Listen to this article, read by Ron ButlerWalters told me that his views have been consistent, but he can pinpoint exactly when his advocacy intensified. At a training lunch less than a decade ago, he heard colleagues voicing discomfort with teaching the Declaration of Independence because Thomas Jefferson was an enslaver. Walters says he told them: “Guys, if you don’t understand that the Declaration of Independence changed the course of human events by acknowledging our rights come from God, and put our country on a new trajectory, and that it had an incredibly positive impact on human nature and humankind, I don’t know why you guys are teaching history. You guys have missed the boat because of an ideology.”
Walters has since made such a name for himself trying to push what he considers America’s Judeo-Christian origins into the country’s schools that, despite characterizing Donald Trump as a “charlatan” on social media in 2016, he was floated this fall as a candidate to head the Department of Education in the second Trump administration. In the past year, he has added high-profile, out-of-state conservative figures to Oklahoma’s social-studies-standards executive committee, including Dennis Prager, the founder of PragerU, an advocacy group that makes videos to advance “Judeo-Christian values”; and Kevin Roberts, the president of the Heritage Foundation and a principal architect of Project 2025. Walters also lobbied the State Legislature to fund the purchase of Bibles — favoring the Trump-endorsed “God Bless the U.S.A.” and “We the People” Bibles — for public-school classrooms.
Soon after taking office in January 2023, Walters created the Oklahoma Advisory Committee on Founding Principles.
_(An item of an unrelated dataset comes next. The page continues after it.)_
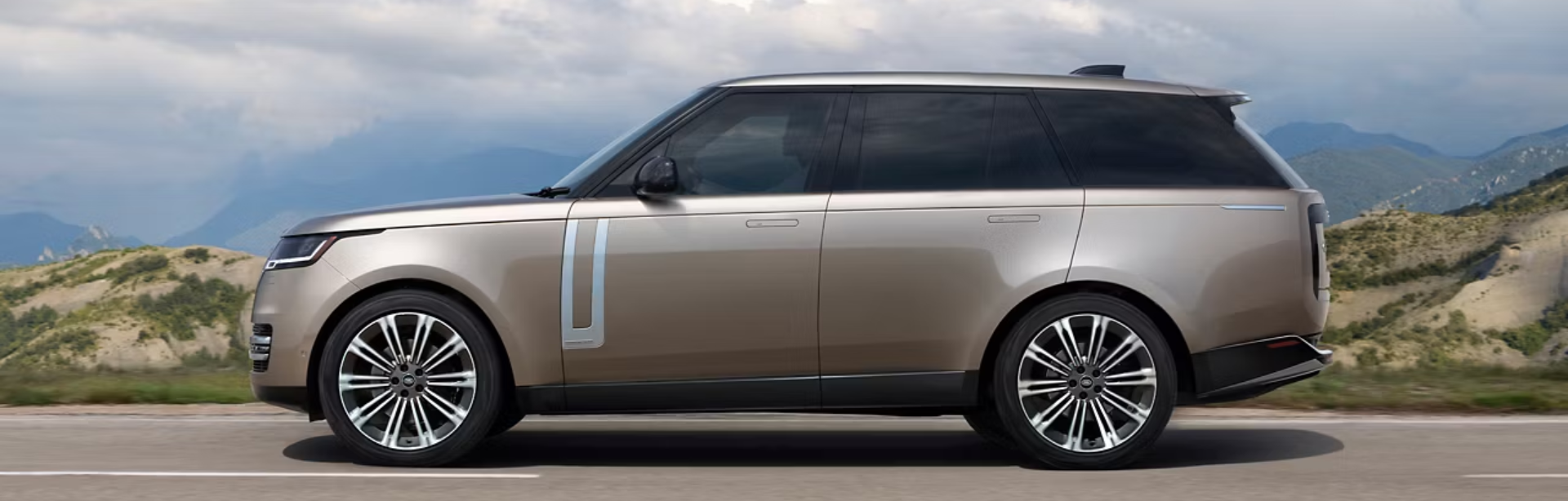 Land Rover Range Rover.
Records obtained by American Oversight, a watchdog group that advocates transparency in government, show that his staff circulated a draft document titled “Putting God Back in the Classroom.” One priority the committee settled on to further that ambition could upend the laws and norms not just of Oklahoma but of American education itself: the establishment of the country’s first religious charter school.
In late 2021, Robert Franklin, then chairman of the Oklahoma Statewide Virtual Charter School Board, received an unexpected letter from the archdiocese of Oklahoma City stating that it intended to create a virtual charter school. Such schools are independently run but publicly funded — and as a result, a religious charter school has never before been established. Franklin wrote back: “I have an absolute respect for the Catholic Church, but until a legal authority tells us differently, the Constitution” — he meant the state Constitution — “and the Oklahoma charter-school law would not allow us to do this.”